[Entries taken from a collection]
------------------------
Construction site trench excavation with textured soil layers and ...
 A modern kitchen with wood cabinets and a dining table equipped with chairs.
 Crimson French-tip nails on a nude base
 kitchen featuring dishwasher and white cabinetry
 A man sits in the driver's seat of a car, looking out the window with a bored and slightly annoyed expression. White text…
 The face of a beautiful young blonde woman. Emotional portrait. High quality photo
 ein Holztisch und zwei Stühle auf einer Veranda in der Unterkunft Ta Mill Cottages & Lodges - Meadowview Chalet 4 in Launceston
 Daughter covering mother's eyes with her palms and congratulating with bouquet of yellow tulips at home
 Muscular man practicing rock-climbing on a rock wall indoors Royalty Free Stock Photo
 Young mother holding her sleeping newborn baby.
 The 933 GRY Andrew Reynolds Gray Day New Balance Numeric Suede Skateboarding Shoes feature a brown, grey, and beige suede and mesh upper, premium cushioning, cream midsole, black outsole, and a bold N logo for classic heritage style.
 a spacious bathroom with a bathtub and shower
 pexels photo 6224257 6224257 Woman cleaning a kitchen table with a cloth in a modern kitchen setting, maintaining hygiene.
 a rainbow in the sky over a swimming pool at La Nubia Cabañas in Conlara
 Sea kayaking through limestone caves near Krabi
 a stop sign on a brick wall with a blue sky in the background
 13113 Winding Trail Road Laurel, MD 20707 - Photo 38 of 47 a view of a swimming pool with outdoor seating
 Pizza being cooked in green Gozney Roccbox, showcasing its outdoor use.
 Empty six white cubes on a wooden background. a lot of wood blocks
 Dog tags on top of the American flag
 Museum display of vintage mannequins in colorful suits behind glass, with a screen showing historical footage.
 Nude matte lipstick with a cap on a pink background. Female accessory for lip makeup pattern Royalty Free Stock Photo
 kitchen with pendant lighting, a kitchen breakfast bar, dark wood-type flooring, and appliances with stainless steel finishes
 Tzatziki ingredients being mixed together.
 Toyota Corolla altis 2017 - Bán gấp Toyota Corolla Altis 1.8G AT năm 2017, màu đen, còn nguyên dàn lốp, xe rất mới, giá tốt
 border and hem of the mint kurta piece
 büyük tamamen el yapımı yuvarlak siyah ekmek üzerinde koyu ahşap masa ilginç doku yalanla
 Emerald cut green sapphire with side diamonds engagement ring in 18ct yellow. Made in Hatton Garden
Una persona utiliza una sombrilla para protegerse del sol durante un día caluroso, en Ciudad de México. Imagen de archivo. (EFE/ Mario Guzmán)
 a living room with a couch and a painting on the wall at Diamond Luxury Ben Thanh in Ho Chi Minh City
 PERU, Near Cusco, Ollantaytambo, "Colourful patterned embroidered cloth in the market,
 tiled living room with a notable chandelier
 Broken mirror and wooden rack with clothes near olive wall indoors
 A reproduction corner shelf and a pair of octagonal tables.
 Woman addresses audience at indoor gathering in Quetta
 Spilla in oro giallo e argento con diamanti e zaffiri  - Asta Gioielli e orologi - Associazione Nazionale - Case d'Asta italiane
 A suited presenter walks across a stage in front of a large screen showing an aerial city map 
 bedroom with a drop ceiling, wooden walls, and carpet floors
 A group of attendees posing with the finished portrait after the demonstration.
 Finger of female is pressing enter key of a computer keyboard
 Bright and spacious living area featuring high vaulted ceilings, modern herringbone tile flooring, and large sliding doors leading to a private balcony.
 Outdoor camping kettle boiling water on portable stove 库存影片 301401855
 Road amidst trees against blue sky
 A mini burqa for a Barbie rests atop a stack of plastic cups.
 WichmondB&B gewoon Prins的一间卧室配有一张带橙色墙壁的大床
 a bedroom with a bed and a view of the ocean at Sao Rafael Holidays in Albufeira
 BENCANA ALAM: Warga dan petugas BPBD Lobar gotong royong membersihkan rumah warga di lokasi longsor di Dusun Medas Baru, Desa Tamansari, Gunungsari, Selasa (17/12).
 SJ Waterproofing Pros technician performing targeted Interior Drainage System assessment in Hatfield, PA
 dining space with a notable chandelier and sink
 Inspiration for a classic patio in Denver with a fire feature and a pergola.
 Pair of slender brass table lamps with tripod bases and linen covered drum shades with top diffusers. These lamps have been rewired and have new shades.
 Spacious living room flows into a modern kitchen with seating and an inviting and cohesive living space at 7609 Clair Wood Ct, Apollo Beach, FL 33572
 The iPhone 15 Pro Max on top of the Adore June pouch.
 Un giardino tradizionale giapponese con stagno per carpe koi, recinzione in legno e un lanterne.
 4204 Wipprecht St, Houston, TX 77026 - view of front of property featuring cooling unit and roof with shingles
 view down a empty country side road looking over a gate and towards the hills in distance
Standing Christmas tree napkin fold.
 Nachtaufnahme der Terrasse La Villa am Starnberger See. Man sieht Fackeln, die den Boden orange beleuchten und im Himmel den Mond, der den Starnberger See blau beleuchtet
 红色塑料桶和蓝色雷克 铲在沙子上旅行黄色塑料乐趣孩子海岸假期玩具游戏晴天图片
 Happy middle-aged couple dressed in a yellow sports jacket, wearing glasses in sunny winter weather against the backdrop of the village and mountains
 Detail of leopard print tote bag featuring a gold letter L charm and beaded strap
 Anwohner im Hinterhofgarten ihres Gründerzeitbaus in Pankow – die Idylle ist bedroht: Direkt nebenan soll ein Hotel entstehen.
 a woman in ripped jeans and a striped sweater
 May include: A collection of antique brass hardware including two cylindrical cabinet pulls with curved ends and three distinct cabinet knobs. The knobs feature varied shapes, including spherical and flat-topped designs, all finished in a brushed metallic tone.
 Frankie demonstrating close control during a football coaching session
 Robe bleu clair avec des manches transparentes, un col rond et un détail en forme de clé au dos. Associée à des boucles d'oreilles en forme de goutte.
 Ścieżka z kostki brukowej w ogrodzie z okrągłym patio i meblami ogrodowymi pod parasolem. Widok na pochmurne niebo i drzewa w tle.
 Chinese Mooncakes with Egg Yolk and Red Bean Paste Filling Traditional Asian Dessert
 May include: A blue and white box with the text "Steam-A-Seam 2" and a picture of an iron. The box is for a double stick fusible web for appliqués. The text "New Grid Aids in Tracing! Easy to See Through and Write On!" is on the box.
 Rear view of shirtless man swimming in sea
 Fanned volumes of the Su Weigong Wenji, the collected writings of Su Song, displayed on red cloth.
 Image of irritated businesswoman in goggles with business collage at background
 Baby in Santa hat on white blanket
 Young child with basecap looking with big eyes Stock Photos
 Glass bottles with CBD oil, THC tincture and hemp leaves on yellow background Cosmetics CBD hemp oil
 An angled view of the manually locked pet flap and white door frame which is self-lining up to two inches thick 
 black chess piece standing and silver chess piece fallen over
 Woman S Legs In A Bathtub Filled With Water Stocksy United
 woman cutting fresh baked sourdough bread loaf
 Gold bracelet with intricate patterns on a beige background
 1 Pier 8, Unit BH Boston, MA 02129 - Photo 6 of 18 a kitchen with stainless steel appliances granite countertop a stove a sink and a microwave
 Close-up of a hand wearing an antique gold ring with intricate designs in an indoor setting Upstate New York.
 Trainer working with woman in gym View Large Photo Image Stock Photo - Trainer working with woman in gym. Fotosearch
------------------------
In the entries above, find each line with the word "include" and copy it.

 May include: A collection of antique brass hardware including two cylindrical cabinet pulls with curved ends and three distinct cabinet knobs. The knobs feature varied shapes, including spherical and flat-topped designs, all finished in a brushed metallic tone.
 May include: A blue and white box with the text "Steam-A-Seam 2" and a picture of an iron. The box is for a double stick fusible web for appliqués. The text "New Grid Aids in Tracing! Easy to See Through and Write On!" is on the box.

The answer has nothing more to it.